Kids gain confidence and feel creative when helping prepare the food everyone is going to enjoy. They learn about nutrition first-hand and what it takes to prepare a healthy meal.

Chances are you’ll also pave the way to a more adventurous eater. Children learn about unfamiliar foods by touching, smelling, and tasting when helping prep. The fears of different tastes and smells can be minimized through the positive associations they’ll have with you in the kitchen exploring new foods. And as children taste test, they’re developing their future palates.

Prep time is a great opportunity to share stories about your family and pass down recipes from one generation to the next. Sharing the significance of your family’s holiday dishes helps children feel connected and have a sense of belonging. Research shows that traditions are part of healthy families and important in building strong family relationships between generations.

When I was growing up, we often visited my mom’s German-American family for Thanksgiving at my aunt’s farm in Missouri. All my aunts would gather in the kitchen for the annual pie-making marathon. My cousins and I helped by kneading, rolling dough, and measuring ingredients. My aunts regaled childhood stories — often disputing each other’s versions of what “really happened.”

I’m sure some of the conversations were the same every year — but it didn’t matter because, through the ancient form of oral storytelling, they were reliving their younger years, bringing to life our ancestors, and passing along family history and folklore to my cousins and me. And, at the end of the pie-a-thon, my aunts would proclaim to the rest of the house how many pies were made that year! As I recall, it was often a whopping 25–30.

Developing new traditions and creating memories through food can be a part of your family culture throughout the year. You can start by sharing the foods from your childhood that you loved. I mentioned my mom’s cranberry sauce. I make this every year, but I’ve altered the recipe to fit our lifestyle. You can still celebrate and honor your heritage by fashioning recipes and foods to match your culinary tastes.

It can be fun to develop new dishes to accompany the traditional foods during the holidays. Combine cultural foods from your past with your family’s favorite flavors and ingredients to make something unique that everyone will love. Involve your children in the creative process of developing new dishes. They’ll be more enthusiastic about trying suspicious foods and cooking if they’re participating.

Culinary traditions bring families together, provide a sense of continuity, and offer a scrumptious way to share your family’s history and values.

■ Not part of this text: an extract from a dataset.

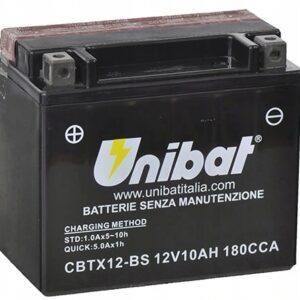 AKUMULATOR UNIBAT 12V 10AH-CBTX12-BS -L+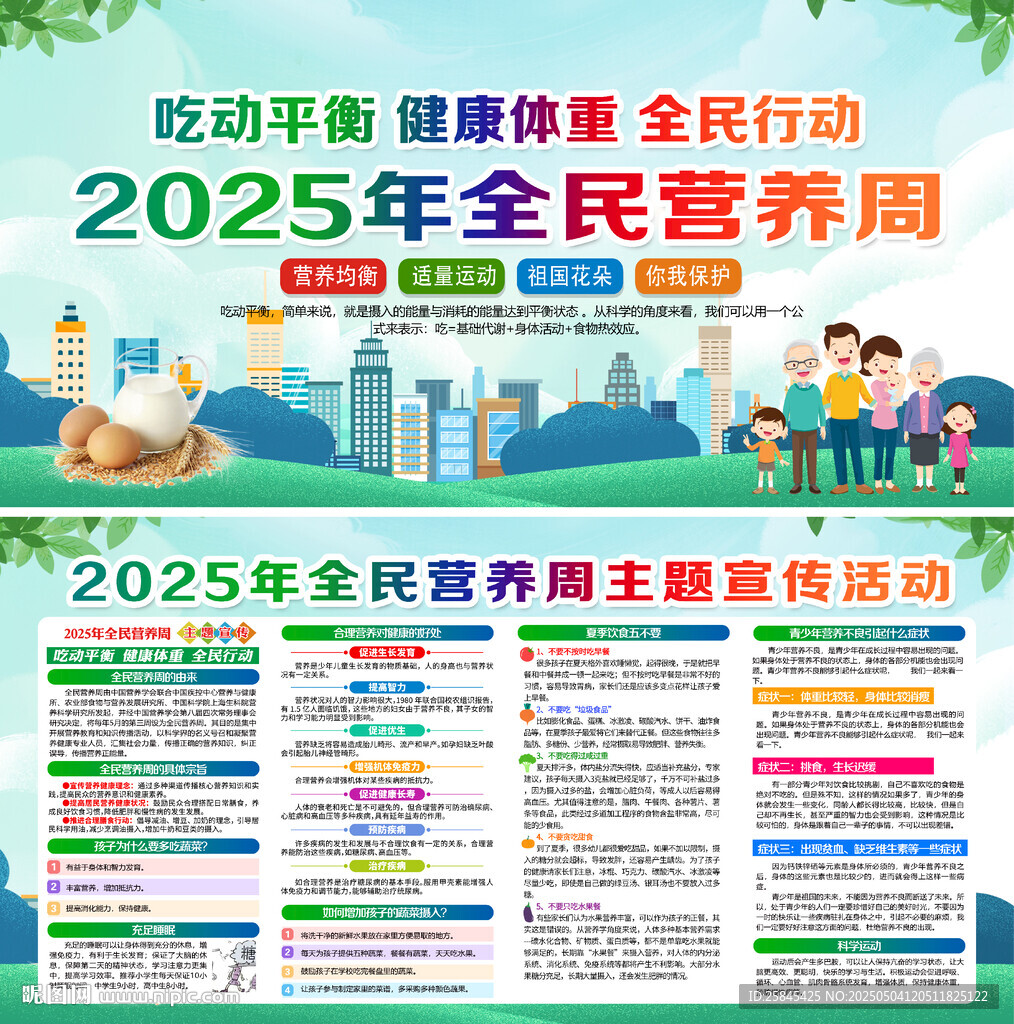 2025全民营养周宣传栏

I asked museum staff to dish about their favorite holiday food traditions.

Here’s a few to chew on.


Debbie McKenzie, our development manager says that grilled turkey sandwiches are her favorite for several days after Thanksgiving and Christmas. She follows her mother’s recipe of turkey, gravy, dressing or mashed potatoes on whole grain bread grilled to perfection. Her mom had a sandwich maker that grilled four at a time — and Debbie said, “These sandwiches made from left-overs were the main reason her mother cooked turkey.”

Krista Warner, our program specialist supervisor endorses the Spicy Italian Meatball cookie. Krista says, “These cookies ARE Christmas to me.” The cookies shaped like little meatballs, which Krista thinks is so fun and reminds her of her heritage, are flavored with two types of chili powder and PLENTY of chocolate (Krista’s favorite). Bite-sized morsels are embellished with red twinkling sugar sprinkles to indicate there’s a spice inside.

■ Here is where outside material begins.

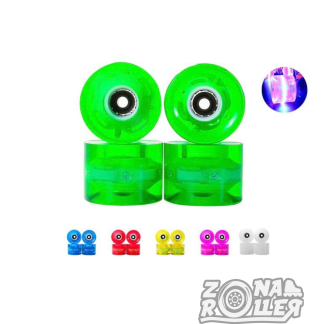 RUEDAS PARA PATINETA LUZ LED  DIFERENTES COLORES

The recipe started with Krista’s Nana (great-grandmother’s) who made hundreds of cookies every Christmas, filling popcorn tins full for family and friends. The recipe was passed along to Krista’s mother, scratched out on a piece of paper forcing Krista’s mom to improvise a bit.

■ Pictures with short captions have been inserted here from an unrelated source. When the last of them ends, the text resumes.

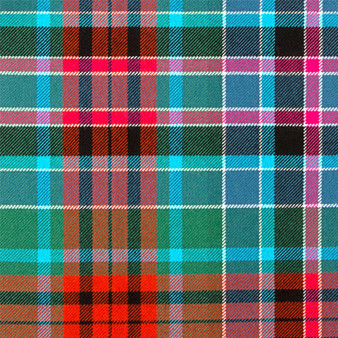 Heavy Weight 16oz Fabric Material Gordon Red Ancient Tartan 1 Metre
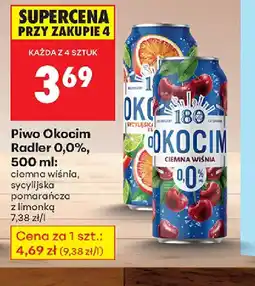 Biedronka Piwo Okocim oferta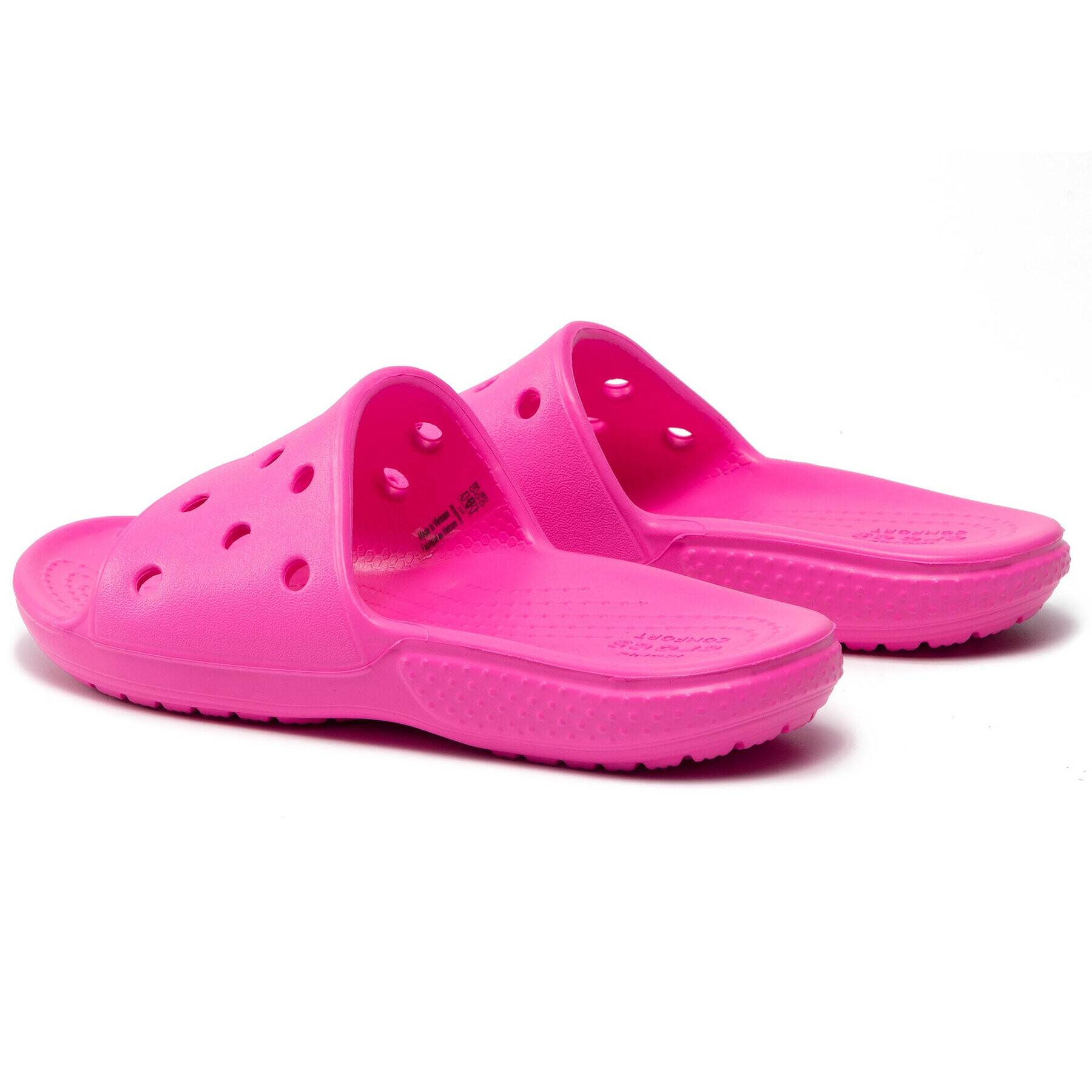 Crocs Șlapi Classic Slide 206396 Roz - Pled.ro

She carries on Nana’s tradition, making dozens of cookies every year starting the second week of November through the middle of December. “The Spicy Italian Meatball cookies are just one of the many specialty cookies that I get the honor of enjoying this time of year, but they are by far my favorite. No Christmas would be the same without them,” said Krista.

Jessica Torres, our associate director of education, loves the red chile pork tamales she made with her grandma, aunts, siblings, and cousins each December.

They’d spend an entire day cooking and assembling the tasty tradition in between the laughter and fun.

The crew would make nearly 400 tamales for family and friends, and to share on Christmas day. Jessica’s grandma spent years in southern New Mexico, so it’s still critical that the homemade red chile HAS to include New Mexican chile — and have a black olive inside. Turns out that the olive isn’t as common as Jessica and her family thought. But it’s their tradition!

What’s your favorite food tradition?